Second, we continue to implement our commercial lending and private banking strategy, which I will discuss in more detail shortly. Third, we proactively managed our multifamily and commercial real estate portfolio to continue to reduce our CRE concentration. Fourth, our credit quality profile has resulted in net charge-offs as we are starting to see signs of stabilization in the loan portfolio. The next several slides highlight the tremendous progress we’ve made in our C&I business. Starting on slide four, this was a breakout quarter for our C&I lending. Our strategy in the C&I space really began after the June 2024 strategy as we hired Richard Raffetto to come in and lead our commercial private banking and commercial banking strategy. This strategy focuses on two primary businesses: specialized industries and corporate and regional commercial banking.
Both of those gained momentum in the third quarter, driving C&I loan growth up nearly $450 million or 3% versus the second quarter. This was the first positive growth quarter since early last year. Our two strategic focus areas led the growth with total loan growth of $1.1 billion, up 28% compared to the prior quarter. On the next slide, you will see the positive trends in new commitments and new loan originations over the past five quarters. Compared to the second quarter, new commitments increased 26% to $2.4 billion, while originations grew 41% to $1.7 billion. More importantly, you can see that the contribution to this growth from our two strategic focus areas was quite impressive. Specialized industries and corporate and regional commercial banking experienced a 57% or almost a $750 million increase in commitments to $2.1 billion versus the prior quarter.
Originations in these two areas increased 73% or nearly $600 million to $1.4 billion. Both areas have seen a consistent upward trend since the third quarter of last year, reflecting steady pipeline growth and a high success rate in converting opportunities. Just as important is our C&I pipeline, which currently stands at $1.8 billion on commitments, up 51% compared to the $1.2 billion at this time last quarter, providing strong momentum for the fourth quarter C&I loan growth. Also important is the number of new relationships we’ve added. Year to date, we’ve added 99 relationships to the bank, including 41 just in the third quarter. I believe these two data points reflect the industries we chose to focus on and the talented individuals we brought into the company, most who are mid-career bankers with 25 to 35 years of experience in their respective industries and have impressive role indexes.

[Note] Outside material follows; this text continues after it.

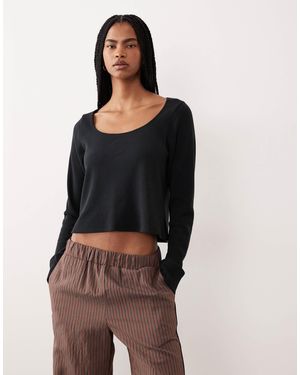 Hollister Gilly Hicks Long Sleeve Waffle Crop Top - Black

So far, in 2025, we have doubled the number of relationship bankers and support staff in our two main focus areas to 124 and plan to add another 20 in the fourth quarter. Turning to slide six, this provides an overview of our specialized industry business and the growth trends both in commitments and originations over the past five quarters. You can see they had strong growth in both commitments and originations during the third quarter. Slide seven provides a similar overview of the corporate and regional banking business. This business also had a very strong quarter in both total commitments and originations. We believe it has reached an inflection point after successfully building out four new segments and reinvigorating legacy businesses, showing that our relationship-based strategy is yielding positive results.
We expect to see further growth in the C&I business as existing bankers continue to deepen their banking relationship and the addition of new bankers. Additionally, we see potential opportunities from recent merger activity. Many of these are right in our core markets to selectively add talented bankers as well as winning new business relationships. The next slide lays out the roadmap we employed to solidify the balance sheet and reposition the bank for growth. This is a little bit of a down-history lane, but we have increased our CET1 capital ratio by nearly 350 basis points, ranking us among the highest best-capitalized regional bank amongst our peers. We also fortified our ACL through a rigorous credit review process where we reviewed virtually every single multifamily and commercial real estate loan.
We significantly enhanced our liquidity position, and we reduced our reliance on wholesale funding, including FHLB advances and brokered deposits, nearly $20 billion year over year, lowering our cost of funds and boosting our net interest margin. In addition to what the items are identified on this slide, there could be many more. Obviously, our expenses, our deposit costs, and our risk governance are other areas that we’ve heavily focused on. Now turning to slide nine, you can see the impact on our adjusted EPS from the balance sheet improvements. I just talked about on the previous slide. Our adjusted diluted loss per share has consistently and significantly narrowed over the past five quarters, including a 50% quarter-over-quarter reduction in the third quarter loss to $0.07. Now, with that, I’d like to turn it over to Lee to review our financials.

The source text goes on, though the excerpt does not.